- Assignment:
The result should be an exact copy of every record, with no pictures kept.

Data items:
--

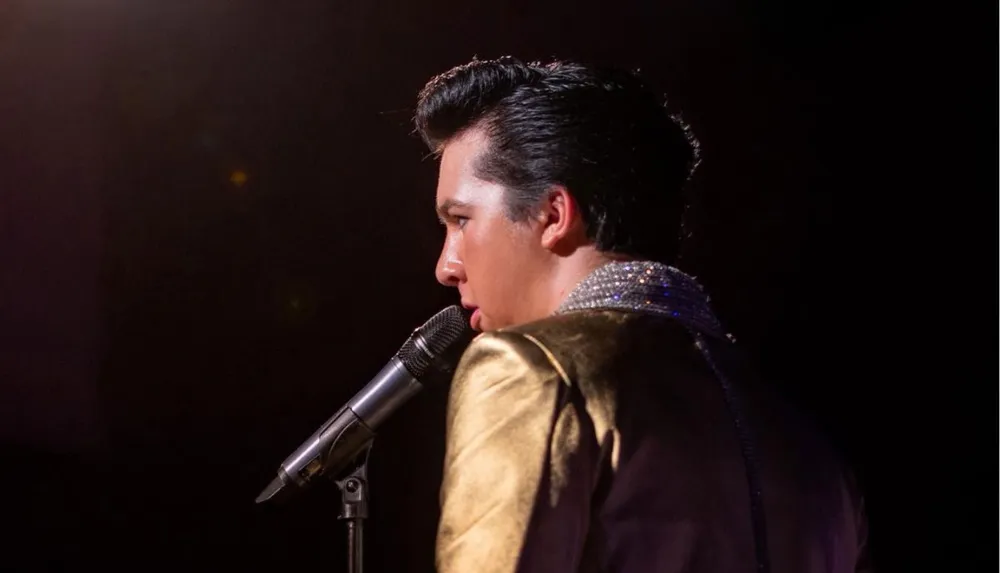 A man dressed in a sparkling gold jacket is singing into a microphone on stage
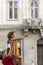 Boy and girl playing in city square. Children catch soap bubbles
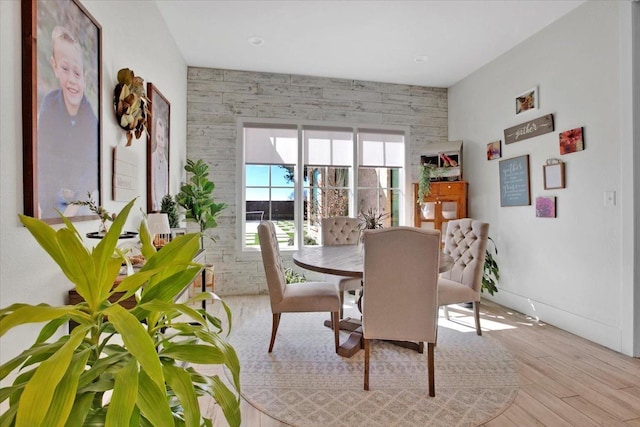 dining room featuring light hardwood / wood-style flooring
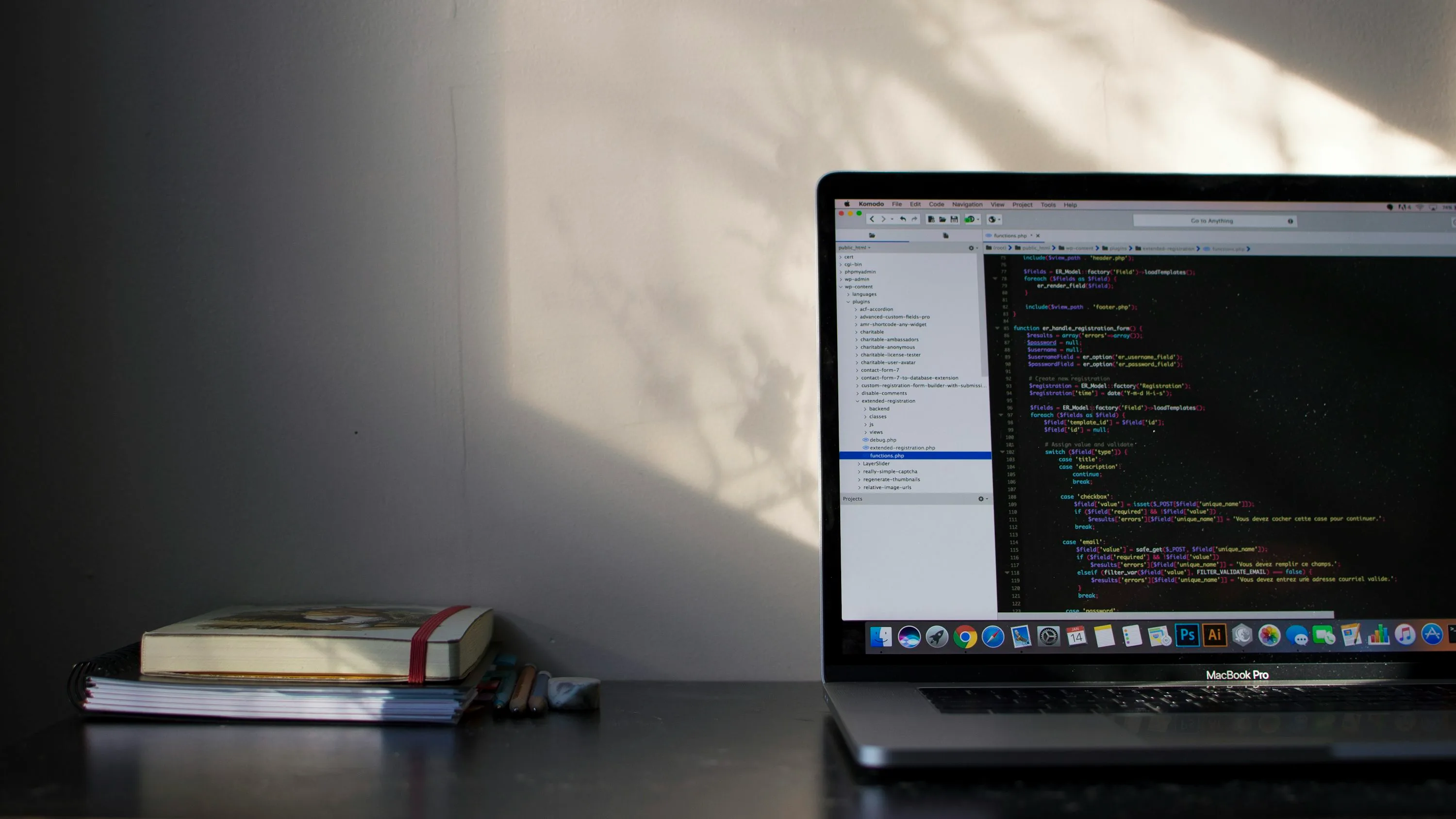 A laptop displaying source code sits beside a stack of notebooks in warm window light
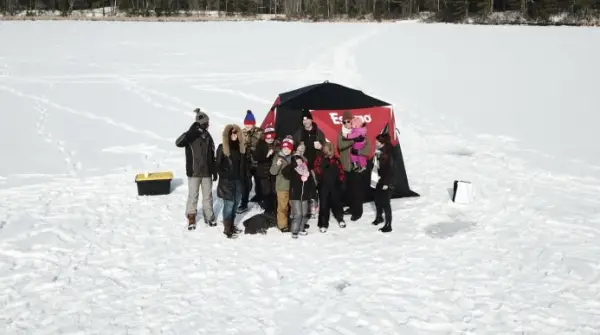Family on the ice next to shanty
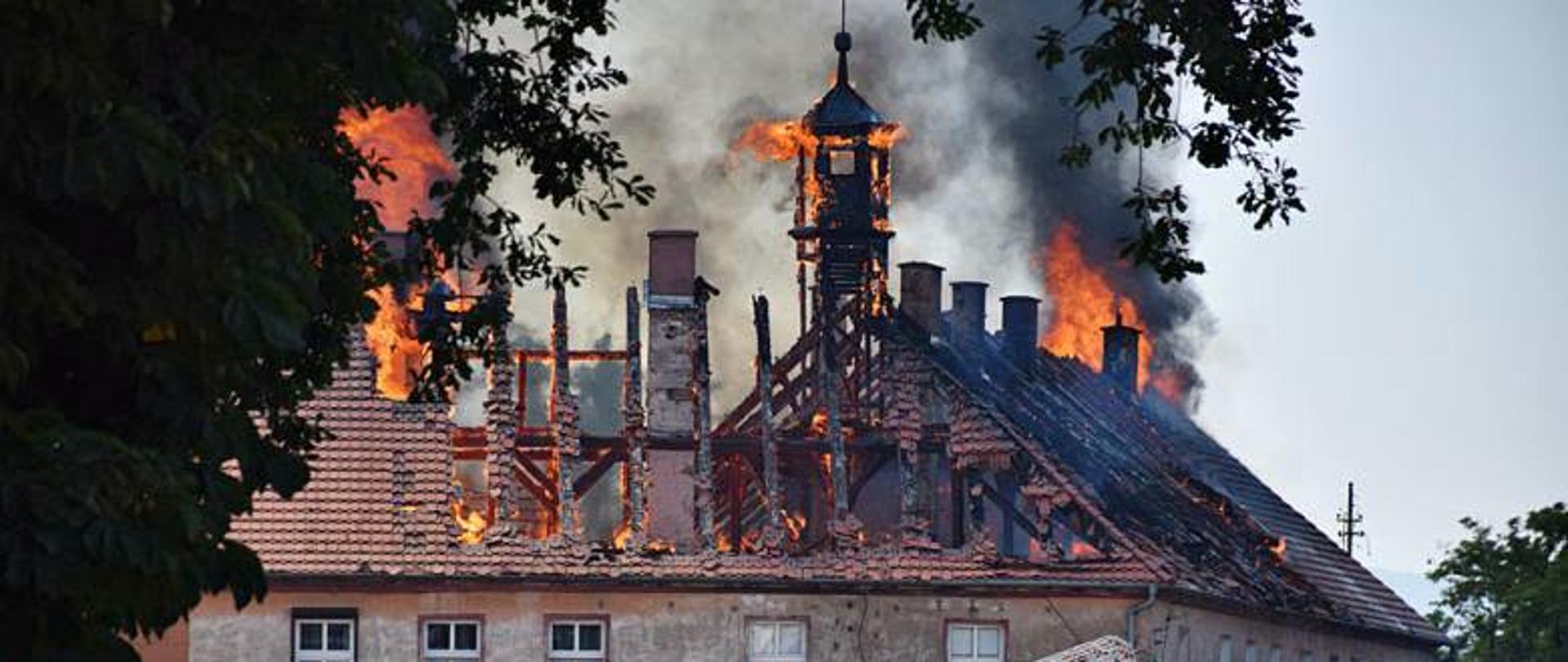 pożar budynku w Kamieńcu Ząbkowickim. Na zdjęciu widać pracę strażaków którzy gaszą pożar dachu. Na dachu budynku widać jak wydostają się płomienie. Cały dach jest obiety ogniem. Częściowo spalony. Na zdjęciu widać duża zagrożenie, ponieważ spadają dachówki.
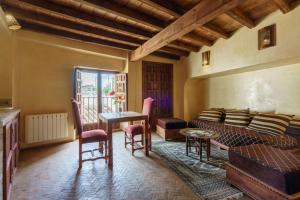 Una sala de estar con un sofá, una mesa y sillas. en Palacio Conde de Cabra, en Granada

--

- Completed exercise:
 A man dressed in a sparkling gold jacket is singing into a microphone on stage
 Boy and girl playing in city square. Children catch soap bubbles
 dining room featuring light hardwood / wood-style flooring
 A laptop displaying source code sits beside a stack of notebooks in warm window light
Family on the ice next to shanty
 pożar budynku w Kamieńcu Ząbkowickim. Na zdjęciu widać pracę strażaków którzy gaszą pożar dachu. Na dachu budynku widać jak wydostają się płomienie. Cały dach jest obiety ogniem. Częściowo spalony. Na zdjęciu widać duża zagrożenie, ponieważ spadają dachówki.
 Una sala de estar con un sofá, una mesa y sillas. en Palacio Conde de Cabra, en Granada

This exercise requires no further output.